The twist of fate that took her life in this new direction was a chance meeting in Oxford with saxophonist, Jim Tomlinson. Like Stacey, Jim was embarked on an academic path, but their meeting sparked in each other the desire to pursue their love of music together. After a year’s study at the Guildhall School of Music, Stacey received immediate attention and recognition on the London scene in the company of, now husband, Jim Tomlinson. A demo tape, sent simultaneously to Polygram Records, Candid Records and broadcaster, Humphrey Lyttelton, secured her a role in Ian McKellen’s film version of RICHARD III, a recording contract and national airplay and endorsement from Britain’s most respected jazz broadcaster. Since the release of Stacey’s first album, CLOSE YOUR EYES (1997), she has achieved, without compromise, both critical and popular success, with her fresh and heart-felt interpretations of the finest love songs of the twentieth century. But it was a feature on CBS SUNDAY MORNING in 1999 that gave Stacey national exposure in the USA and brought her to wider recognition. Since then, her career has continued to expand internationally, with Stacey traveling worldwide to concert halls from Taipei’s Chiang Kai-shek Concert Hall to Carnegie Hall to the famed Olympia in Paris.

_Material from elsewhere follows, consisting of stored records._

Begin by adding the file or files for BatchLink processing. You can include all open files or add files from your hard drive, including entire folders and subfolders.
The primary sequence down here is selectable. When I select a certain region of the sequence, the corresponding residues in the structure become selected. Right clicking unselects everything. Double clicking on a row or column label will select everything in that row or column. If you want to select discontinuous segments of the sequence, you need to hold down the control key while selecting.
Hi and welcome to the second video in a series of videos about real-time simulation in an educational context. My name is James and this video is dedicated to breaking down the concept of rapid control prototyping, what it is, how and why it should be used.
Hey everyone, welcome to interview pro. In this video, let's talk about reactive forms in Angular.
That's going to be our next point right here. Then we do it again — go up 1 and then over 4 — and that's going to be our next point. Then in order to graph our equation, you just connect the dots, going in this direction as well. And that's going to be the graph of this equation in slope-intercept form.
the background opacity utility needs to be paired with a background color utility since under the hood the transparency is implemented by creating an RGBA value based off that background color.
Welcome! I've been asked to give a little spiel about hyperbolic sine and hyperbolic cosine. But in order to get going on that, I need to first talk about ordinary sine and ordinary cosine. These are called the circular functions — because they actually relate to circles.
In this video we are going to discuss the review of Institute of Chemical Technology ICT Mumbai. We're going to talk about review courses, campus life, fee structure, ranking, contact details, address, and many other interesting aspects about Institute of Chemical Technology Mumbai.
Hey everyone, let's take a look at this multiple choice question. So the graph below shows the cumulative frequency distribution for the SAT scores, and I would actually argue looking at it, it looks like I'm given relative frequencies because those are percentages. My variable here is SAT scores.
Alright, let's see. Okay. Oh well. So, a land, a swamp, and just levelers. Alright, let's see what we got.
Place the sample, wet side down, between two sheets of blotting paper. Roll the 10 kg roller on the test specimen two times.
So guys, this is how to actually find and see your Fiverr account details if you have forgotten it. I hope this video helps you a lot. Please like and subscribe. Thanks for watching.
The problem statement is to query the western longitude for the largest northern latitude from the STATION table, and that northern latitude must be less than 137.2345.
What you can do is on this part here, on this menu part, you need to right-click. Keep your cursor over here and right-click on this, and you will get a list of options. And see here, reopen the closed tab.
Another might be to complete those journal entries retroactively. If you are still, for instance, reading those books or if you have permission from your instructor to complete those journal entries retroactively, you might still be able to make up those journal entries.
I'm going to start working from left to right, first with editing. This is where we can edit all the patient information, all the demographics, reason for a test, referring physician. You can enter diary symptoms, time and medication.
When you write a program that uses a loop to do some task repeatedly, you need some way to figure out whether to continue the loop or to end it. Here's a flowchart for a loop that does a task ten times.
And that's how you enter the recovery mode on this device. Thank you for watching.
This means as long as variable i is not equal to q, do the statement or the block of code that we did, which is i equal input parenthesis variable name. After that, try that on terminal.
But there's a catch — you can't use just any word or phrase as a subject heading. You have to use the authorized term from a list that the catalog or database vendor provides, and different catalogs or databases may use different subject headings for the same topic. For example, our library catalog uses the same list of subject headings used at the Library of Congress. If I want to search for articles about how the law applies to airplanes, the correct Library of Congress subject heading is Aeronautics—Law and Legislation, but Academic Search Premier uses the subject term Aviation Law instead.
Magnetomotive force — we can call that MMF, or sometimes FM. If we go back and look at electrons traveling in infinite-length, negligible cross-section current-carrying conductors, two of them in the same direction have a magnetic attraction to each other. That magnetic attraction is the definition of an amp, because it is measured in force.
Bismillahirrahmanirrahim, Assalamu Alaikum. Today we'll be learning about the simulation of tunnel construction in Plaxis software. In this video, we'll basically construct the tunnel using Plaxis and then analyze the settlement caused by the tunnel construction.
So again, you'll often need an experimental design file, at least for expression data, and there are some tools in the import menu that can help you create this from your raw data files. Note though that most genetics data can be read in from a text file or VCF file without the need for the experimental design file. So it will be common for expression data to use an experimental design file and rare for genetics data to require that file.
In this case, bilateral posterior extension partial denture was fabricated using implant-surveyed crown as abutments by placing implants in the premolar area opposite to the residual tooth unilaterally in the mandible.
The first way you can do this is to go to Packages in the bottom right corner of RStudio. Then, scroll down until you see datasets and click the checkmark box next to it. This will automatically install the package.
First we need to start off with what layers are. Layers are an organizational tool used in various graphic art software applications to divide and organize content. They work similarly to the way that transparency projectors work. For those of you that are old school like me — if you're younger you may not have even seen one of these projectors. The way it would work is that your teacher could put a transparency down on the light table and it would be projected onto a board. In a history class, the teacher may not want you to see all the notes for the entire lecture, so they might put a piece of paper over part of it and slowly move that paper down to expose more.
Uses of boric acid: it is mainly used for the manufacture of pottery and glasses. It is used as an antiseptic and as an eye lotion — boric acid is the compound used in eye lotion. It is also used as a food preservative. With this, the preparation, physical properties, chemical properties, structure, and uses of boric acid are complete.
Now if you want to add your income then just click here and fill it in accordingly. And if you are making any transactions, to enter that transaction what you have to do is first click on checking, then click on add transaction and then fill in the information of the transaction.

Stacey’s admirers are not limited to the loyal fans that buy her albums and pack out her concerts. Best-selling crime writer, John Harvey, has Stacey sing, if only fictionally, in his latest novel, Still Water. A track from her third album, LET YOURSELF GO, was selected by Kazuo Ishiguro, on his appearance on DESERT ISLAND DISCS on BBC Radio. It was this event that led Kent, Ishiguro and Tomlinson to the songwriting collaboration that features regularly in their work. Clint Eastwood invited Stacey to sing at his 70th birthday party, Michael Parkinson invited Stacey to sing on his television show, as did Sir David Frost, who asked her to join him one Sunday morning, to sing a song and review the morning papers with him on “Breakast with Frost” and Aerosmith’s Steven Tyler, in a recent interview, listed Stacey, alongside Willie Nelson, as being among his favourite singers.